Show every line of the data below that includes the word "water".

# [DATA EXTRACT]
>>>
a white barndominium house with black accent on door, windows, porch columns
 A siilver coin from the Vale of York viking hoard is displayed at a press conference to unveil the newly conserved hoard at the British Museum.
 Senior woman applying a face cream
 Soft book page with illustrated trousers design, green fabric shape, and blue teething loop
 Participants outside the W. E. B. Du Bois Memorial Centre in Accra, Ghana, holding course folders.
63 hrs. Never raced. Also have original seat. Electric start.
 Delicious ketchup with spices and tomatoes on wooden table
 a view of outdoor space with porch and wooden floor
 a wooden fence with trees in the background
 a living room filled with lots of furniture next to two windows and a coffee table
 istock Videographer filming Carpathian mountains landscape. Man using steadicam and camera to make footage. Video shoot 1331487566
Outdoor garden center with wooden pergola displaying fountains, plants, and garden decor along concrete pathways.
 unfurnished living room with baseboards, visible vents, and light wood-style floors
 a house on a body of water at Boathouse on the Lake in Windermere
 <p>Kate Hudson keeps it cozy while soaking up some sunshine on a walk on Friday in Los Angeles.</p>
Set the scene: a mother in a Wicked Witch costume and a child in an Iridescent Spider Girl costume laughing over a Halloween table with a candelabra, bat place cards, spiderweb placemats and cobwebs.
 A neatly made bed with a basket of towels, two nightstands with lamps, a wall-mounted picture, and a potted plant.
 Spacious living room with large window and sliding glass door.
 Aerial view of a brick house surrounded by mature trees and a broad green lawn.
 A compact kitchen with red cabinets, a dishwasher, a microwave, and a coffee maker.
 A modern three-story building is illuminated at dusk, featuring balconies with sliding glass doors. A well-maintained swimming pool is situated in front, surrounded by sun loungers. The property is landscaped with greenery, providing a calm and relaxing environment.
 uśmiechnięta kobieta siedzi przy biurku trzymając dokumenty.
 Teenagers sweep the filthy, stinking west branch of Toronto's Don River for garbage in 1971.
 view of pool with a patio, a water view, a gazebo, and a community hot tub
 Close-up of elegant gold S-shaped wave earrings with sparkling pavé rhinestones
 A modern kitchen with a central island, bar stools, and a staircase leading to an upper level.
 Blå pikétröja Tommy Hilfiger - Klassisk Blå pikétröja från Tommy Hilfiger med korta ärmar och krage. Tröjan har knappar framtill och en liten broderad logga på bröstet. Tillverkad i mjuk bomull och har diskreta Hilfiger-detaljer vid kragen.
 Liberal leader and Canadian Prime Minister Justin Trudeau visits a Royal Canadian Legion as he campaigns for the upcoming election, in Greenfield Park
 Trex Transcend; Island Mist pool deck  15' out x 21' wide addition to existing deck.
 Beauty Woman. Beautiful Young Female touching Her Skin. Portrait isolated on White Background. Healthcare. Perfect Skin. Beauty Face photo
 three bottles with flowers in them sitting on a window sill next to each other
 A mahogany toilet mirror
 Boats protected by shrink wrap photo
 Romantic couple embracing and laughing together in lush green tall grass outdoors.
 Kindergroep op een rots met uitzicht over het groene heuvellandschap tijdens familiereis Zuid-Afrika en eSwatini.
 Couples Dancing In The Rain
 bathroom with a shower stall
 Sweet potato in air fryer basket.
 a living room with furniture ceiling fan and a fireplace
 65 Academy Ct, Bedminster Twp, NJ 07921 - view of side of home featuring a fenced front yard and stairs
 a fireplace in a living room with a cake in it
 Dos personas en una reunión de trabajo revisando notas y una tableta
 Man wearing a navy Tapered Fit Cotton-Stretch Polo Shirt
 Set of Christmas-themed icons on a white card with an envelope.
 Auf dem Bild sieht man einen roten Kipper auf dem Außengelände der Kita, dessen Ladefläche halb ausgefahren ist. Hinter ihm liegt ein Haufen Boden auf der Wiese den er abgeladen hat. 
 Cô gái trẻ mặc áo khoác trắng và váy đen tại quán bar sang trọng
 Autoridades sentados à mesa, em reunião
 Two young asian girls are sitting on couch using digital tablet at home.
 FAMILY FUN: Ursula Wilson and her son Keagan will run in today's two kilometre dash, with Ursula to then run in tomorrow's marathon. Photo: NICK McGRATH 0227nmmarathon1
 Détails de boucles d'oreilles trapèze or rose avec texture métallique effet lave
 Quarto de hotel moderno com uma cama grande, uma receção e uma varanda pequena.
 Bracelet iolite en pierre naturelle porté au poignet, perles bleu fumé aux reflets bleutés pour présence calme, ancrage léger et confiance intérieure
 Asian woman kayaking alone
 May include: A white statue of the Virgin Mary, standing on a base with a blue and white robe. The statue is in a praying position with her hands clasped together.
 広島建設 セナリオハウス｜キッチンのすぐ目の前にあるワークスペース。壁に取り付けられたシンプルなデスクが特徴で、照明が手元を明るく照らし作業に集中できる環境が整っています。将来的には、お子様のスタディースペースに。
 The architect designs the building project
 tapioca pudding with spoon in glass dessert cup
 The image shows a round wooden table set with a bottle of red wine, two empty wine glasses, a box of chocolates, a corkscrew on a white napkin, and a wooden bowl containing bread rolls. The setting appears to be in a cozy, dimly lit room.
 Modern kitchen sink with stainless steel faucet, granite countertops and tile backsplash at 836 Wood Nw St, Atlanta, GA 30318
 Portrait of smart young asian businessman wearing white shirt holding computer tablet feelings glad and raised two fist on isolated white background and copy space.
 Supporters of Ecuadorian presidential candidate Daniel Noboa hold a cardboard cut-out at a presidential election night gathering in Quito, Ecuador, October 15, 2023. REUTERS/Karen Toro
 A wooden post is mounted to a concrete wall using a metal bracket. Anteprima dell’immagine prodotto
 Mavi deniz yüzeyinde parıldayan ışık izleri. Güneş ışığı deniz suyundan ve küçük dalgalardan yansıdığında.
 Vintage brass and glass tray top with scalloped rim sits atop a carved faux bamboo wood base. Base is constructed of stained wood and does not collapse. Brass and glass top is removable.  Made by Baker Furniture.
<<<
# [FINISHED TASK]
 a house on a body of water at Boathouse on the Lake in Windermere
 view of pool with a patio, a water view, a gazebo, and a community hot tub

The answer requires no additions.